Kiedy prezydent Ukrainy Wołodymyr Zełenski podczas uroczystości wyzwolenia obozu koncentracyjnego Auschwitz-Birkenau, w styczniu tego roku, po raz pierwszy wspomniał o winie ZSRR za rozpętanie II wojny światowej, odpowiedział mu sam rosyjski prezydent Władimir Putin.

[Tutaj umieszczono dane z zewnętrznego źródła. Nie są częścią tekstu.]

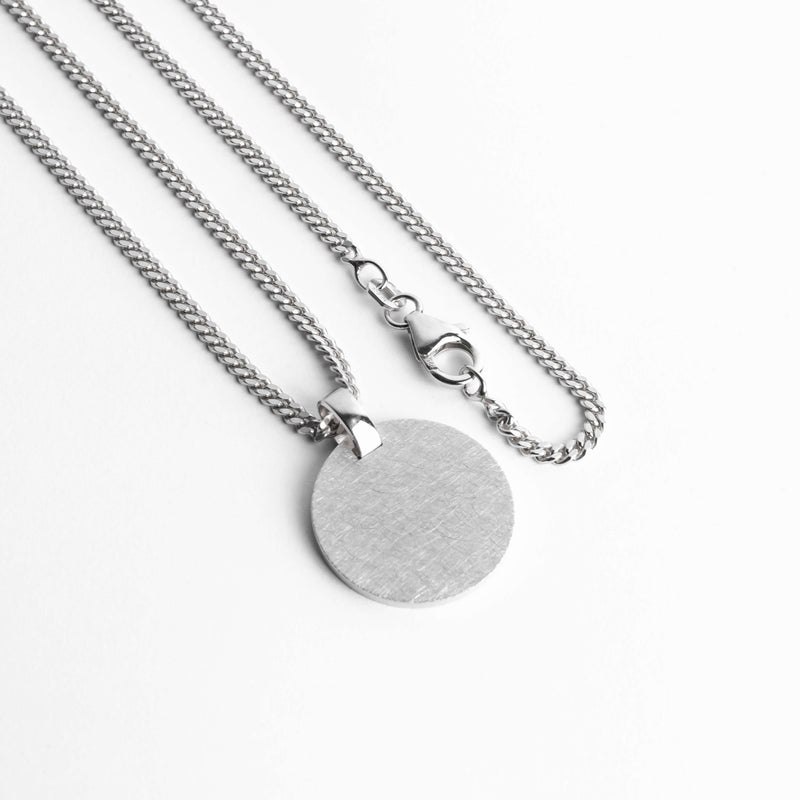 GRAVEERPLAATJE ROND IJSMAT COLLIER 925 ZILVER GERHODINEERD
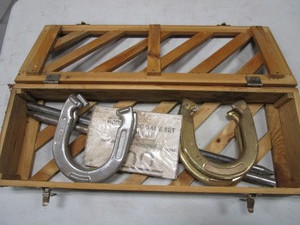 lot 316 image: Horseshoes Set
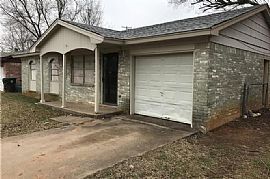 Monthly Rent $500 Available For Rent Spacious 3 Bedroom and 2 B in Midwest City, OK (Photo 5 of 7)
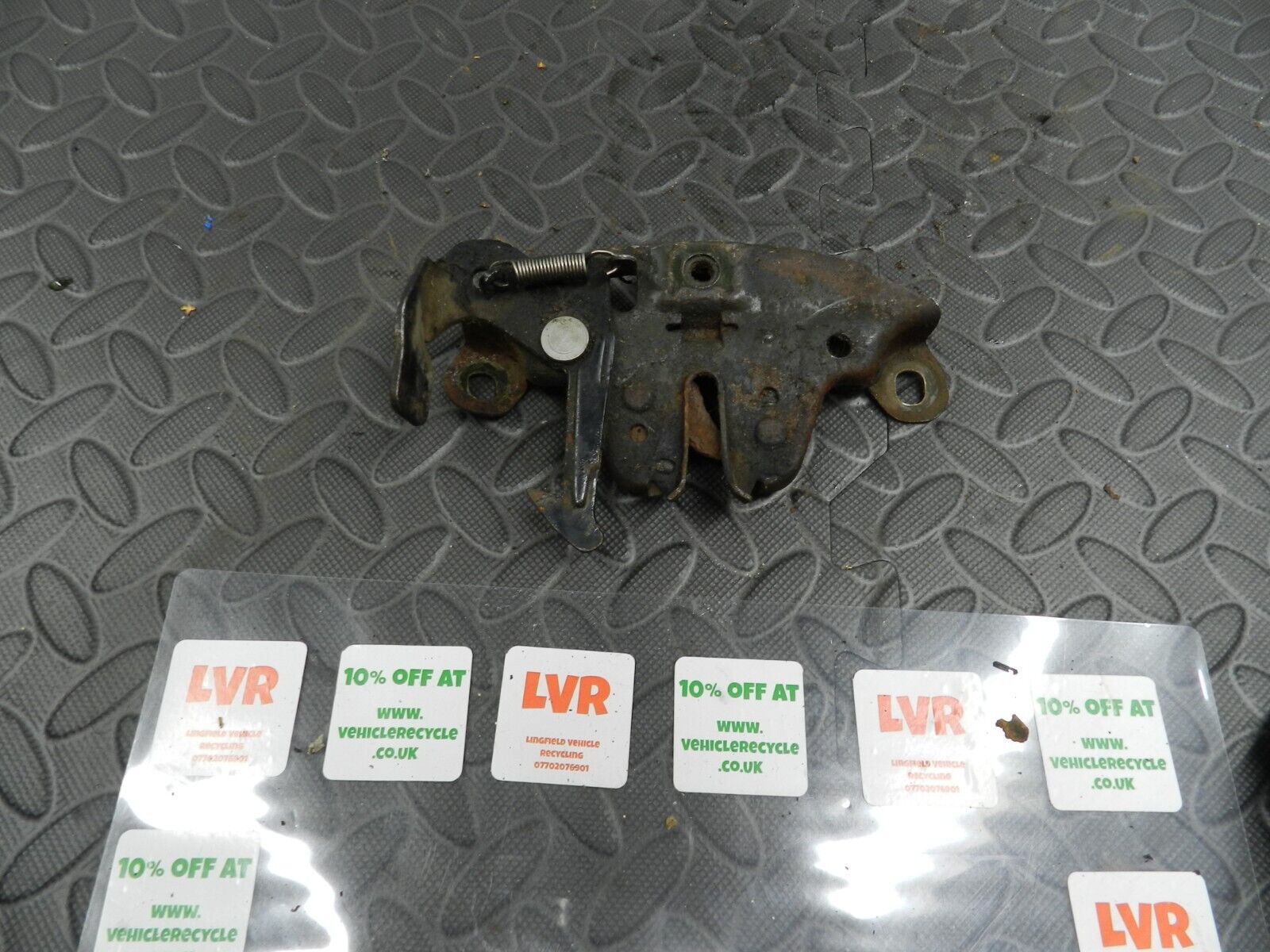 142 NISSAN MICRA K12 CONVERTIBLE C+C. BONNET LATCH CATCH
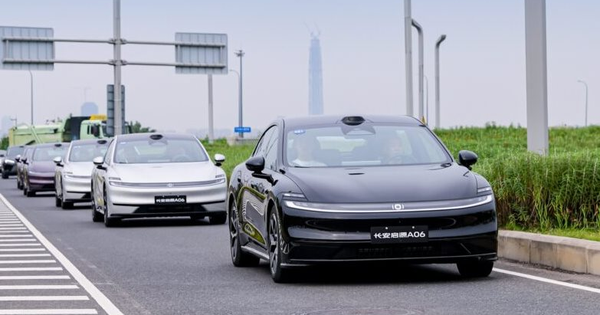 Hãng xe xây nhà máy tại Huế ra mắt sedan điện sạc nhanh trong 12 phút: Một lần sạc đi 630 km, giá khởi điểm hơn 400 triệu đồng
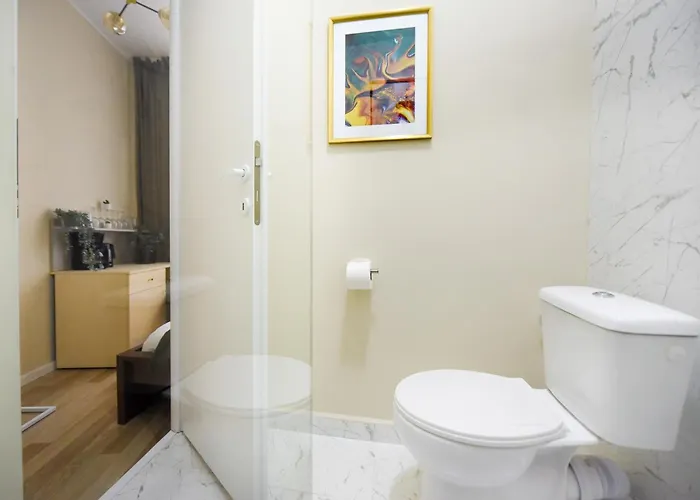 Apartament Elegant On Magheru Boulevard - The Art Of Living Simply *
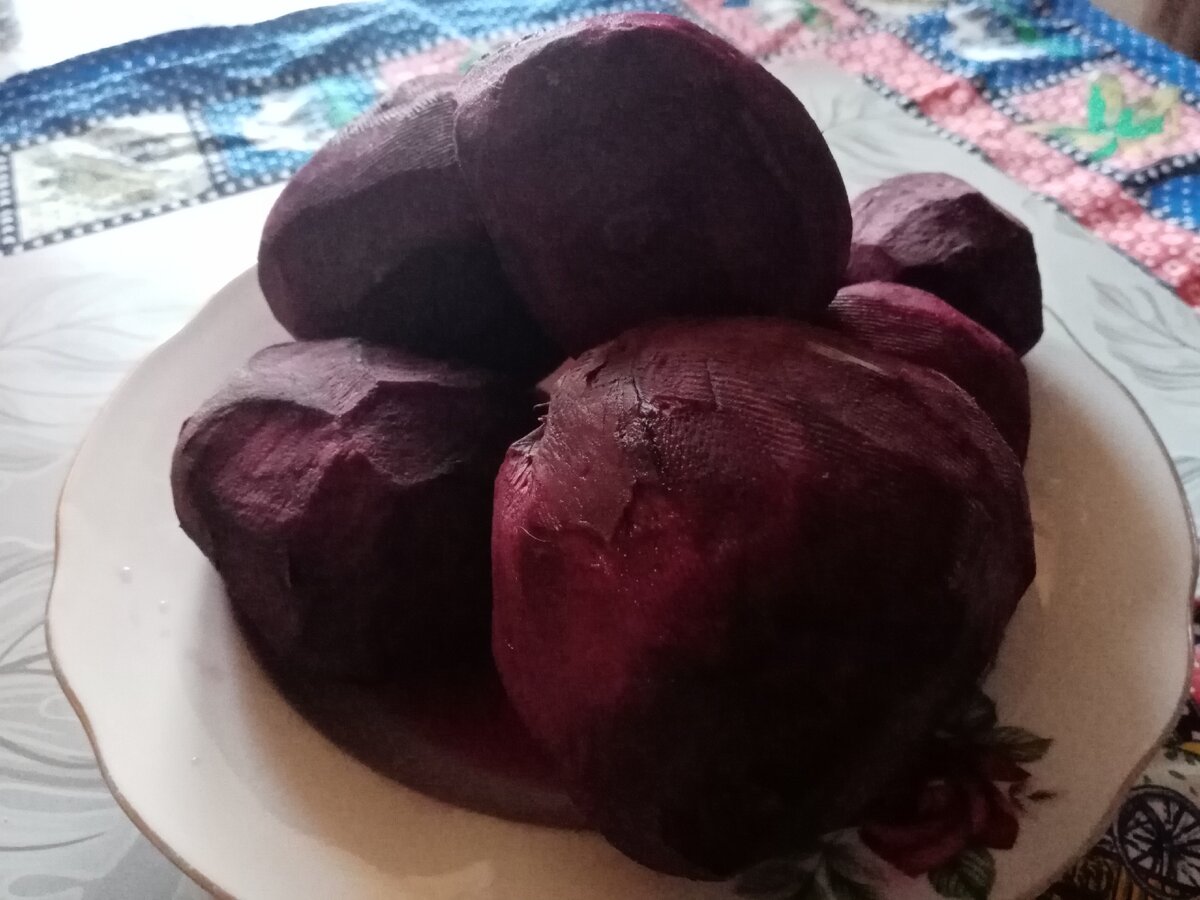 Свеклу я беру сладкую и насыщенного цвета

Jego zdaniem, próby wypaczenia historii – a według niego oskarżanie ZSRR jest taką próbą – to „plucie w twarz” ludziom walczącym z nazizmem. A jeśli na Ukrainie nikt przeciwko słowom Zełenskiego nie protestuje, to jedynie dlatego, że wie doskonale, iż jeśli to uczyni, „natychmiast zaczną się prześladowania”.
Od tej wymiany zdań rozpoczęła się nowa odsłona wojny rosyjsko-ukraińskiej. Tym razem wojny o historię.
Bratni naród
Tak długo jak pakt Ribbentrop-Mołotow i sowiecką agresję 17 września 1939 roku krytykowała przede wszystkim Polska, Rosjanie usiłowali przeciwdziałać, dowodząc na przykład, że to właśnie nasz kraj był faktycznym sojusznikiem Hitlera, a biorąc udział w rozbiorze Czechosłowacji, sam doprowadził do wojny.
Podobna krytyka paktu ze strony Litwy czy Łotwy odpierana bywała przekonywaniem, że tak naprawdę to przecież sami Litwini, Łotysze i Estończycy chcieli wejść w skład ZSRR.
Ale Ukraina – to rzecz zupełnie inna. Nawet, jeśli toczy się (czy może raczej – tli się) wojna w Donbasie, to jednak według oficjalnego, wciąż obowiązującego stanowiska władz w Moskwie, Ukraińcy to bratni naród (a według skrajnych twierdzeń, są częścią wielkiego narodu rosyjskiego).
Może chwilowo pod władzą nacjonalistów, ale sytuacja kiedyś się zmieni i znów zapanuje przyjaźń rosyjsko-ukraińska. A osią tej przyjaźni jest wspólna walka z faszystowskim najeźdźcą podczas Wielkiej Wojny Ojczyźnianej, czyli wojny sowiecko-niemieckiej.